It’s noteworthy that a group of black leaders has chosen MLK Jr.’s birthday to announce a new initiative on poverty among African-American children. According to the Washington Post article on the effort, longtime activist Marian Wright Edelman says:

We need to revive a policy voice for children. The cradle-to-prison pipeline — breaking it up — is going to be the overall framework from which we move forward.

The Post notes that according to the 2010 Census, a black male born in the last decade has a 1-in-3 chance of going to prison during his lifetime. These stats and those on child poverty among blacks (40 percent) are horrifying. But nothing in the article or in the past efforts of Edelman and her associates suggest that these leaders have any intention of dealing with the single biggest cause: family breakdown.

Some 7-in-10 black children are born to single mothers, and most will be raised for much of their childhood in homes without fathers. No amount of government spending — which the group worries will decrease with Republicans back in control of the House — can make up for the lack of two parents.

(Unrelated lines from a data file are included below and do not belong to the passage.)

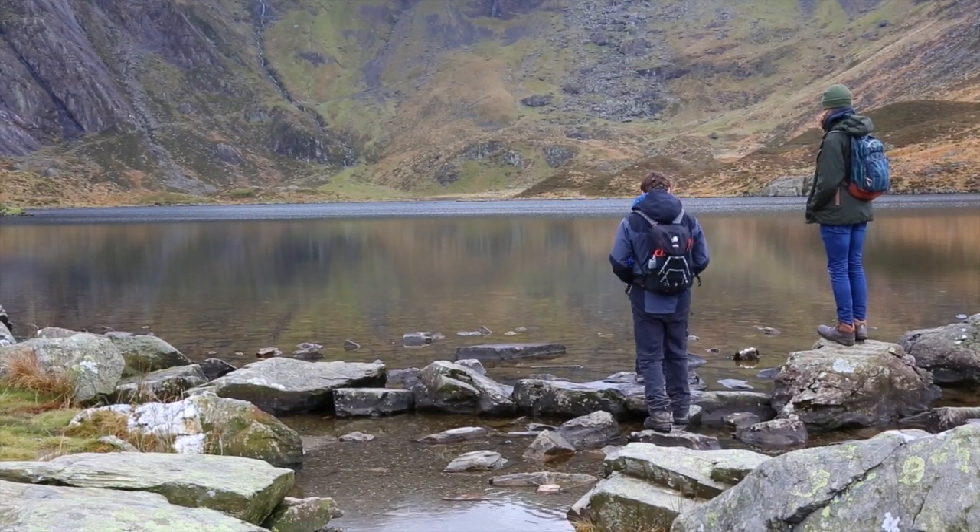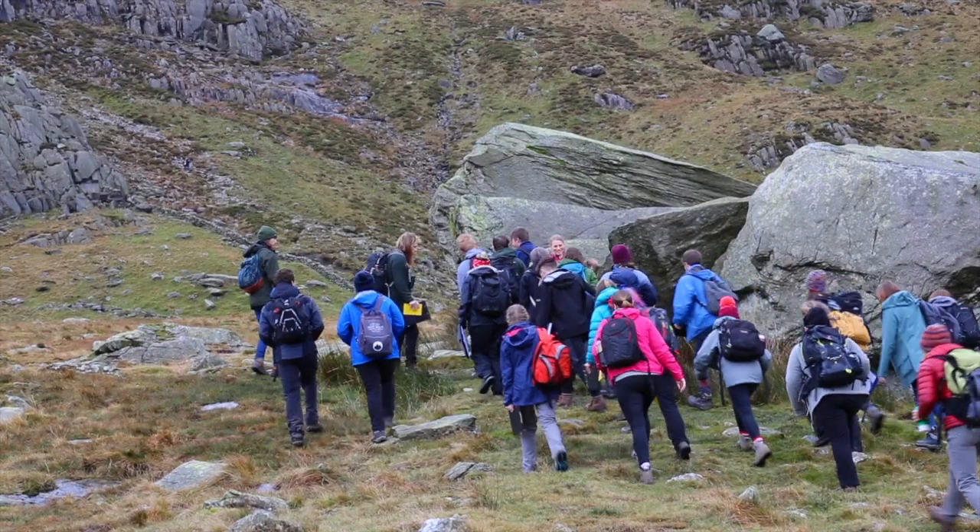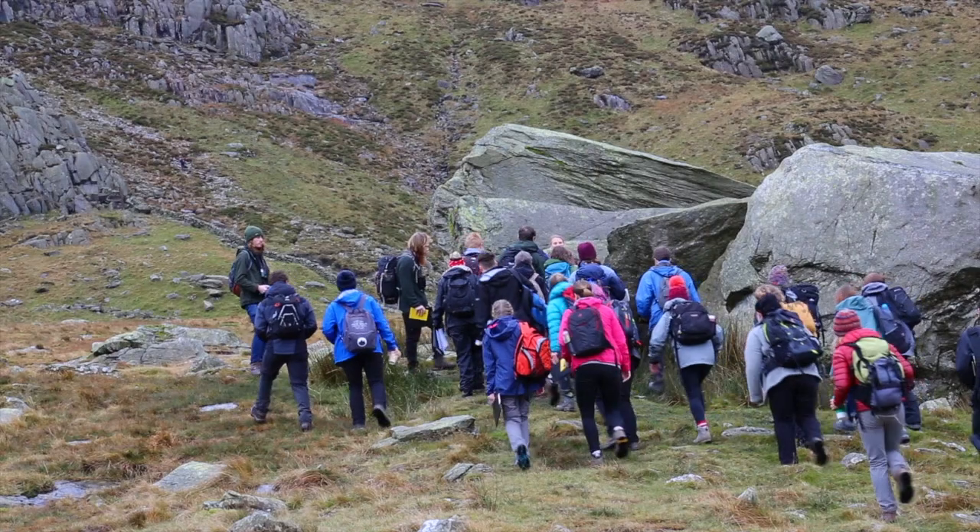Every year we also have students go away to do dissertation work in different places through organizations like Operation Wallacea. So I've supervised ornithology projects on the long-term residual effects of ancient Mayan gardens on bird community composition in Mexico.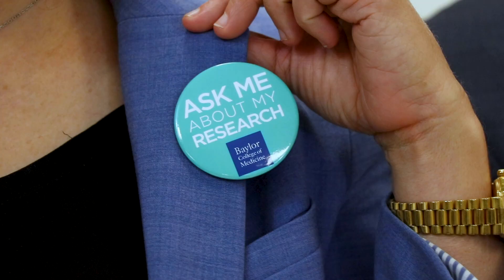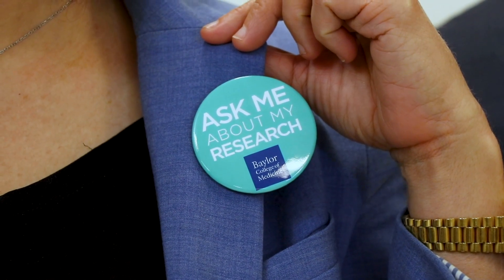As researchers, it's important that we can talk about our research with people. That's why Baylor College of Medicine has made these pins — 'Ask me about my research' — so just put one on and talk about what you do. Today we're here with our daughter, Ellie, to demonstrate how fun it is to talk about our work.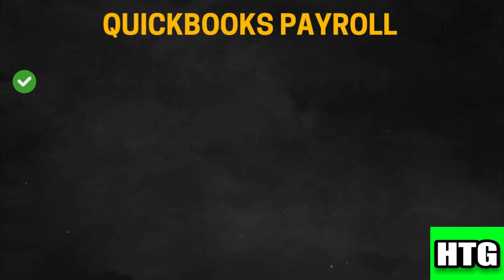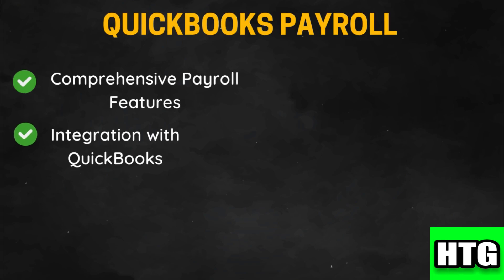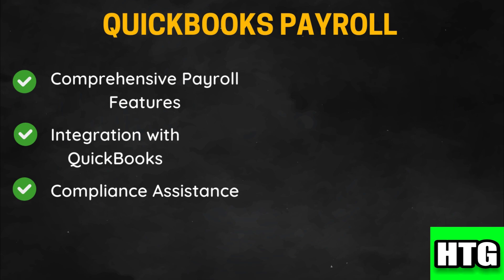QuickBooks Payroll offers a comprehensive suite of payroll services including automated tax calculations, direct deposits, and employee self-service. It seamlessly integrates with QuickBooks accounting software ensuring consistent and accurate financial records. The platform helps ensure compliance with federal and state payroll regulations by automatically updating tax tables and handling tax filings.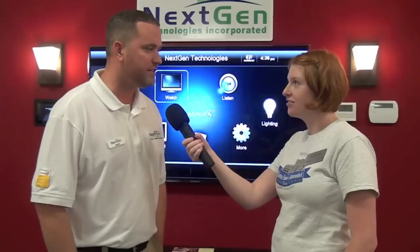So if you were at the office and you wanted to turn on the lights in your home, could you still do that on your phone? As long as you have an internet connection, you have connectivity to your house. Well, that's neat.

Out-of-wedlock births are also high among Hispanics — about half of Hispanic children are born to unwed mothers, a dramatic increase in just the past 20 years, and Hispanic birthrates — for married and unmarried women — are also much higher than for other groups. But the lifetime outcomes are not nearly so dire, largely because Hispanic mothers marry at far greater rates than African Americans. Two-thirds of Hispanic youngsters grow up in two-parent households, compared with about 70 percent of non-Hispanic whites but only 35 percent of African-American children.

Child poverty is not about race or ethnicity or government spending. It’s about family composition.